Only in the duet Lover Boy Lover Girl do they come together in the space and in so doing literally cross the line as the dance is not simply about courtship but about wrong skin love – a taboo but common occurrence in Aboriginal communities. The dance is set up with a game of flirting with torches in the rec hall after everyone else has gone to bed. The dance is both furtive and shy, cheeky and bold, pervaded by play and risk, and regarded as a wicked hoot by Aboriginal audiences.

Sacred Space is shot through with wit. We laugh with them laughing at themselves as we see ourselves reflected as strangers in a strange land. We feel the awkwardness and confusion of being on the outer, in the minority. The piece is serious and respectful of cultural difference but is never precious or earnest.
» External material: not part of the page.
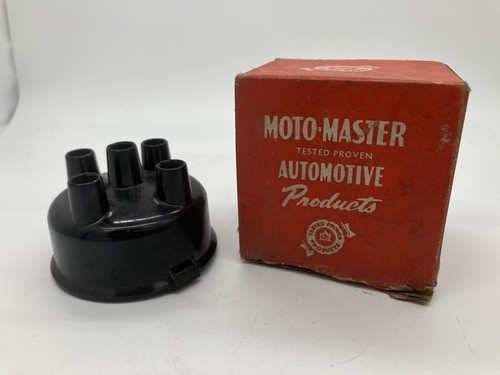 Kaiser jeep henry j 4cyl - 43-71,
There are hauntingly beautiful images – McMicken binds his clothes with string into a rope as thick and lumpy as an intestine, or a snake, while exquisitely fine sand falls from the ceiling and Calver dances in its rain. The sand falls slowly and keeps on falling. There are movement sequences based on Walpiri sign language which look at the disjunction between the simplicity of hand sign and the complexity of meaning it evokes. The power of the imagery in the piece comes from the lived experiences of the dancers.
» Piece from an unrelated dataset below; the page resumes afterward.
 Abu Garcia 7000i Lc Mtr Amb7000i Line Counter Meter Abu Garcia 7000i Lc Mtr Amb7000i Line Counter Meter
Sacred Space speaks most clearly and loudly of the trust and connection between these white artists and this Aboriginal community. This relationship of exchange and collaboration has been built slowly over the last eight years and produced a series of works for, by and about the community. Like all good exchanges it has been properly two way; Lajamanu Kurra Karna Yami in 1992 brought the community – men, women and children, dancers, performers and painters – to town for a show and art exhibition at Browns Mart.

In 1996 TRACKS is planning to take Silent Thought and Sacred Space and a group of traditional Lajamanu women dancers, Yawalyu, to Melbourne for Greenmill Dance Festival to present their work alongside an exhibition of Lajamanu desert painting. It will be interesting to see what a national audience makes of this unique collaboration. Greenmill next year will coincide with the Dance Alliance, a biennial event, so TRACKS will be exposed to international dance aficionados. What will they make of it?

Suzanne Spunner is a Darwin playwright and dramaturg.

RealTime issue #8 Aug-Sept 1995 pg. 3

© Suzanne Spunner; for permission to reproduce apply to [email protected]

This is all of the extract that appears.